» **Aim of the exercise**
Up to and including the line bearing "Jockey Club Suites - image 6", output every line of the entries exactly as written, starting from the first; pictures stay out.

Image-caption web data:
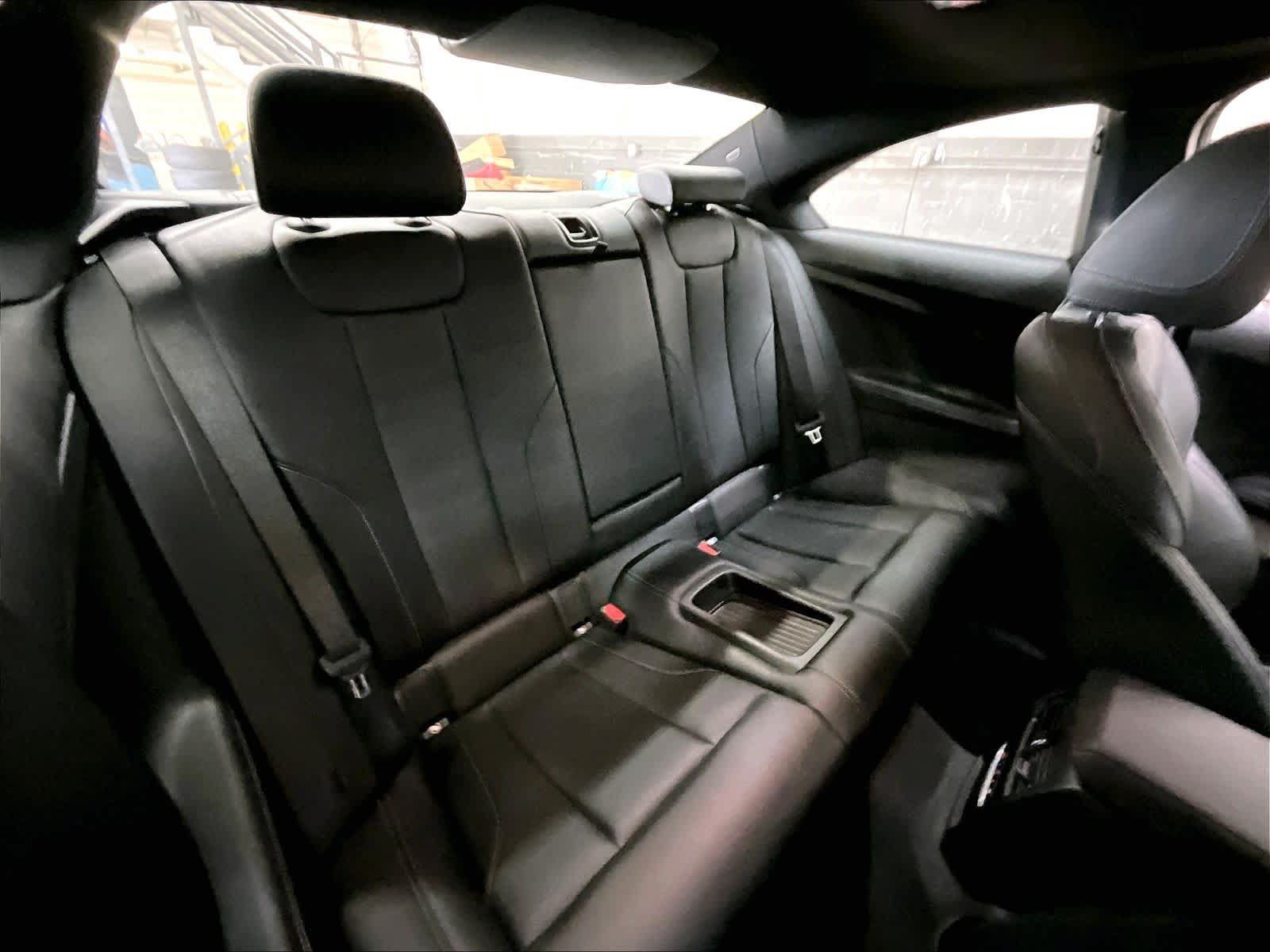Used 2023 BMW 230i Coupe w/ Convenience Package RWD image 30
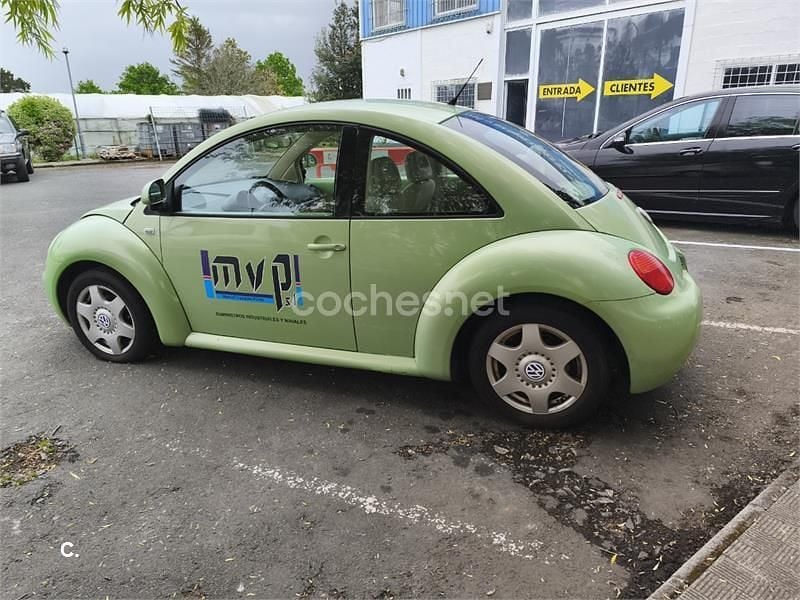 Usado VW New Beetle 115 CV (84 kW) 1999 Verde Utilitario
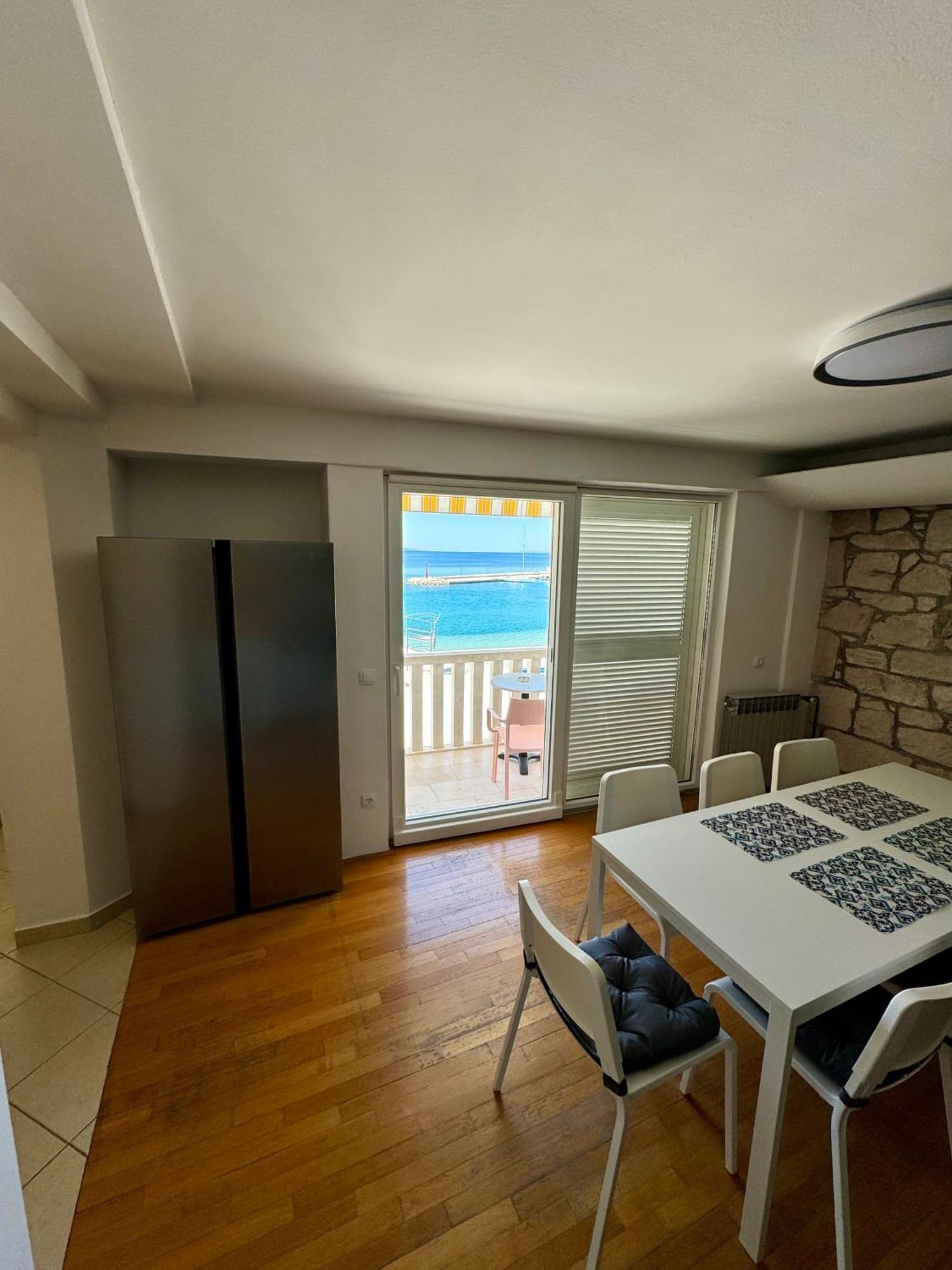 Villa Rozika Baška Voda المظهر الخارجي الصورة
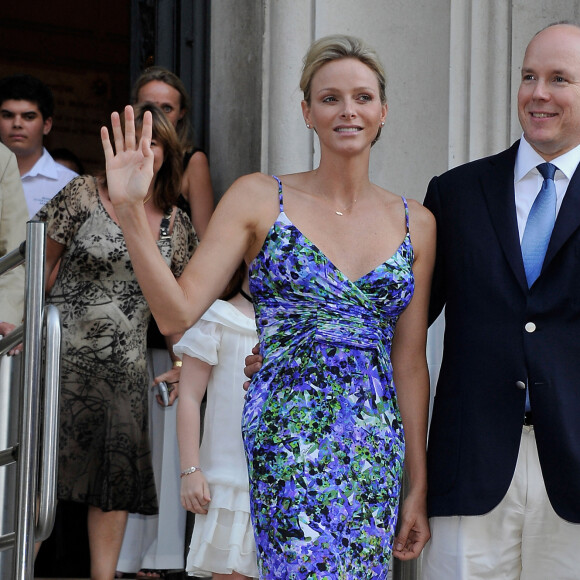 Charlene et Albert de Monaco visitent l'exposition "L'histoire du mariage princier" au musée océanographique de Monaco le 21 juillet 2011.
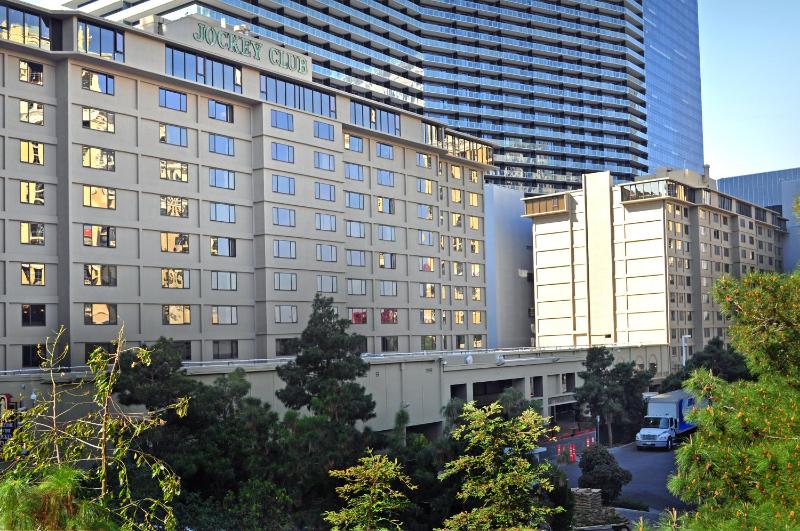 Jockey Club Suites - image 6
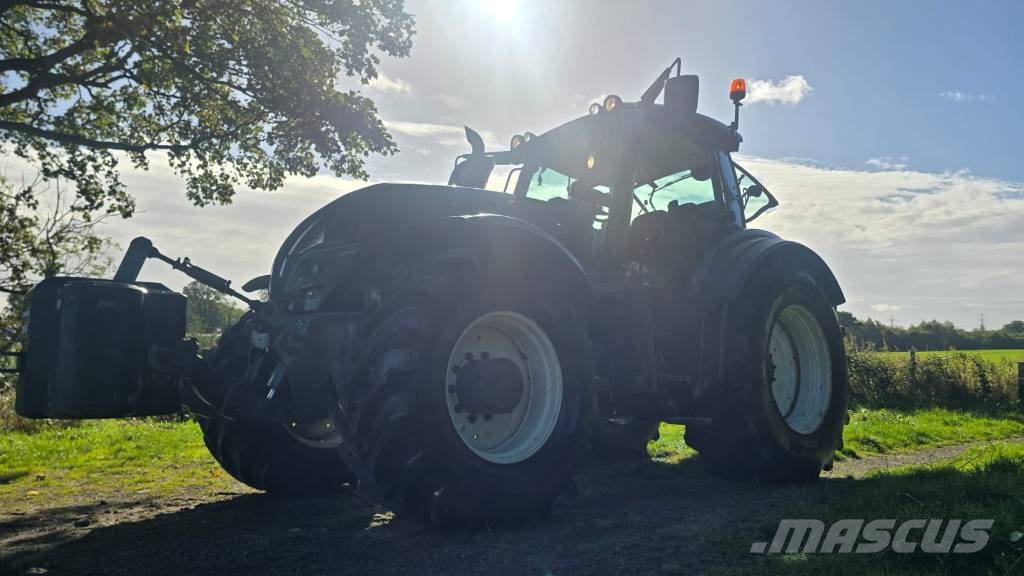 Valtra T 234 Tractors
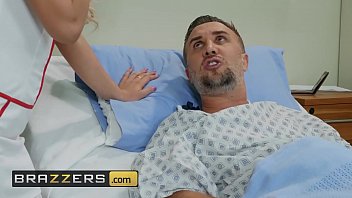 ドクターズアドベンチャー-（カルメンカリエンテ、ケイランリー）-いたずらな看護師をノブする-ブラザーズ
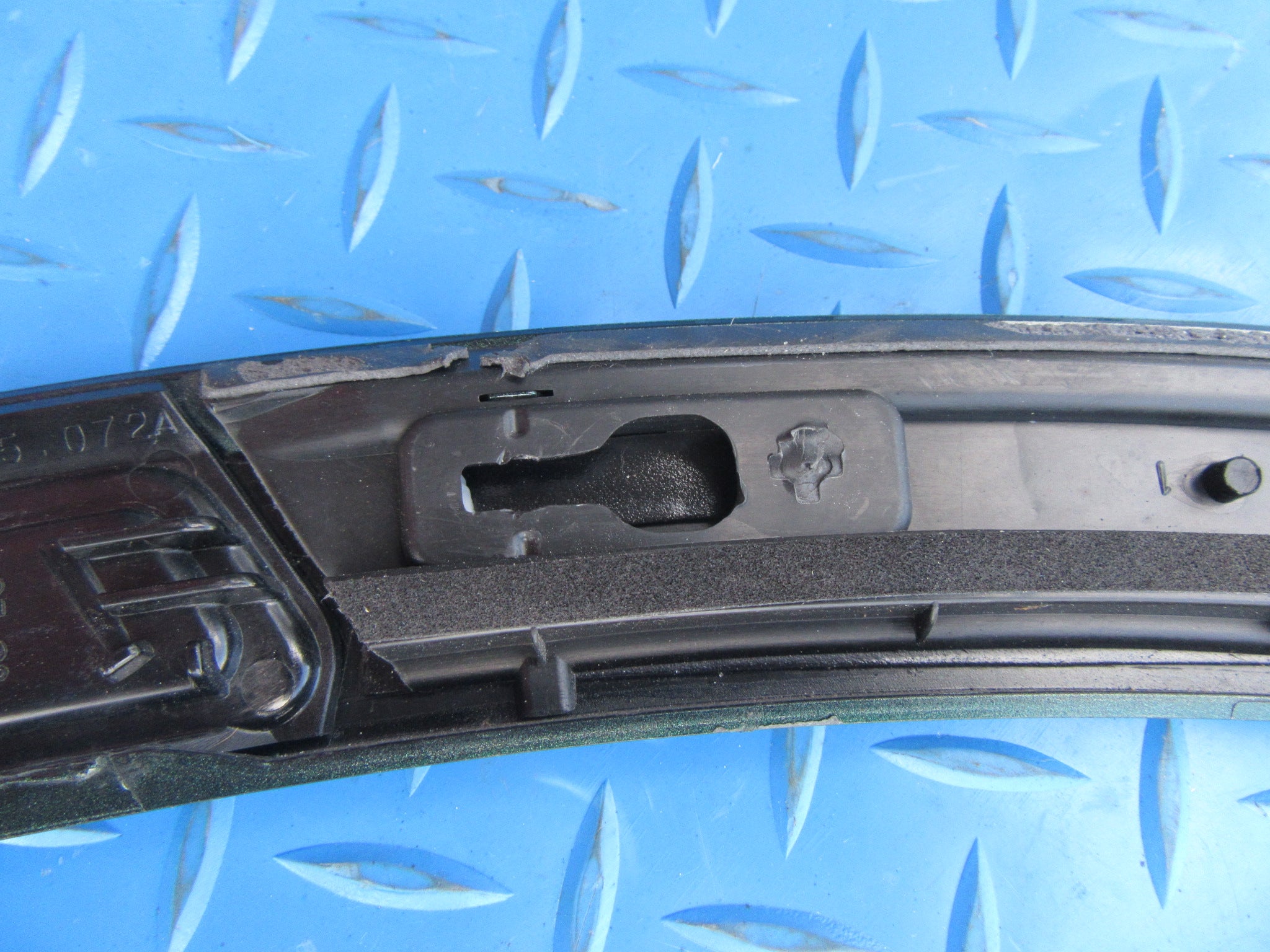 Bentley Bentayga right front wheel arch trim #2102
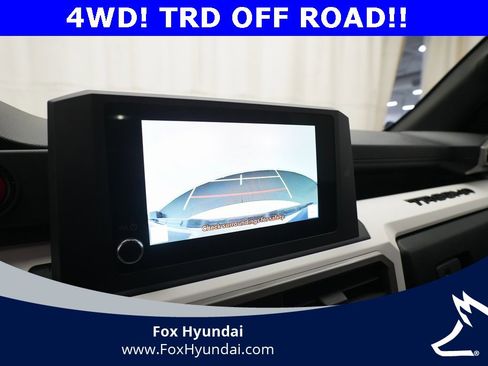 Used 2024 Toyota Tacoma TRD Off-Road image 19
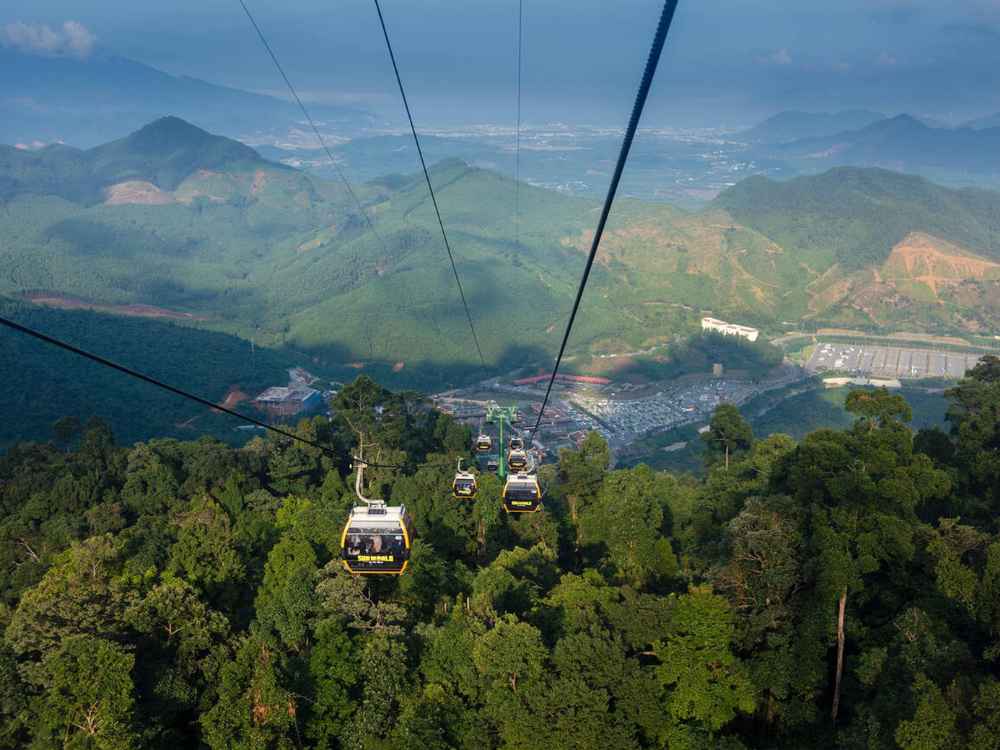 Cable car to Ba Na Hills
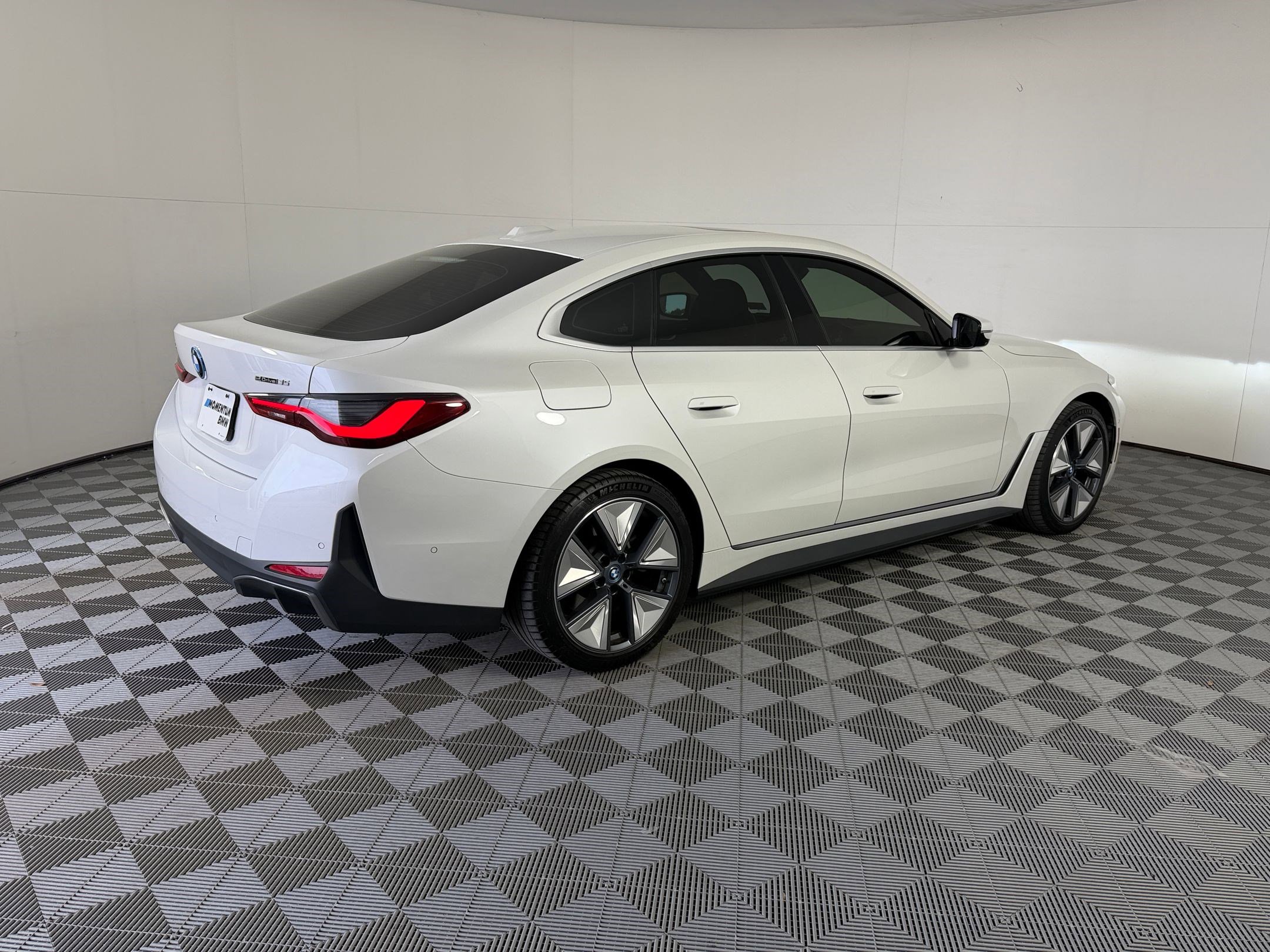 Certified 2023 BMW i4 eDrive35 w/ Premium Package RWD image 9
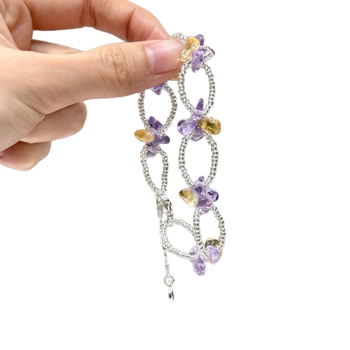 Rokassprādze ar citrīna kristālu un ametista sānu akmeņiem, sakausējuma uzmava — viegls luksusa stils, pavasara 2025 izlaidums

» **Output of the exercise**
Used 2023 BMW 230i Coupe w/ Convenience Package RWD image 30
 Usado VW New Beetle 115 CV (84 kW) 1999 Verde Utilitario
 Villa Rozika Baška Voda المظهر الخارجي الصورة
 Charlene et Albert de Monaco visitent l'exposition "L'histoire du mariage princier" au musée océanographique de Monaco le 21 juillet 2011.
 Jockey Club Suites - image 6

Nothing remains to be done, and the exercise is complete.